(Dataset excerpts)
::::

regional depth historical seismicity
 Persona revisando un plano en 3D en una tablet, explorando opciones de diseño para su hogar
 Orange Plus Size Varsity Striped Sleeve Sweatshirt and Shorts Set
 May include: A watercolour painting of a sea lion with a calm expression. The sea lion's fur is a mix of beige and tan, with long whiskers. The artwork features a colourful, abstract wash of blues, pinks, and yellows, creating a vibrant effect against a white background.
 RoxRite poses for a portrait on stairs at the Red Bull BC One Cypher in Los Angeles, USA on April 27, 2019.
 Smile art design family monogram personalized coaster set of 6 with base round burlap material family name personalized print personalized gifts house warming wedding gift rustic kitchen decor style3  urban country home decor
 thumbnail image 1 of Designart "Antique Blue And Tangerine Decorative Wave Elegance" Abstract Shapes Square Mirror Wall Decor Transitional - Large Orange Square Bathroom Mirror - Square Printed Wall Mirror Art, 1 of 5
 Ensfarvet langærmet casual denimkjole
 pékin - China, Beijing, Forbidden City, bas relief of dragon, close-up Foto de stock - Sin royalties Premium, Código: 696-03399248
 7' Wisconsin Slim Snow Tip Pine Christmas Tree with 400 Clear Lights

::::

- _Work to be completed_: Please transcribe the records above in full, keeping every word.

- _Response_:
regional depth historical seismicity
 Persona revisando un plano en 3D en una tablet, explorando opciones de diseño para su hogar
 Orange Plus Size Varsity Striped Sleeve Sweatshirt and Shorts Set
 May include: A watercolour painting of a sea lion with a calm expression. The sea lion's fur is a mix of beige and tan, with long whiskers. The artwork features a colourful, abstract wash of blues, pinks, and yellows, creating a vibrant effect against a white background.
 RoxRite poses for a portrait on stairs at the Red Bull BC One Cypher in Los Angeles, USA on April 27, 2019.
 Smile art design family monogram personalized coaster set of 6 with base round burlap material family name personalized print personalized gifts house warming wedding gift rustic kitchen decor style3  urban country home decor
 thumbnail image 1 of Designart "Antique Blue And Tangerine Decorative Wave Elegance" Abstract Shapes Square Mirror Wall Decor Transitional - Large Orange Square Bathroom Mirror - Square Printed Wall Mirror Art, 1 of 5
 Ensfarvet langærmet casual denimkjole
 pékin - China, Beijing, Forbidden City, bas relief of dragon, close-up Foto de stock - Sin royalties Premium, Código: 696-03399248
 7' Wisconsin Slim Snow Tip Pine Christmas Tree with 400 Clear Lights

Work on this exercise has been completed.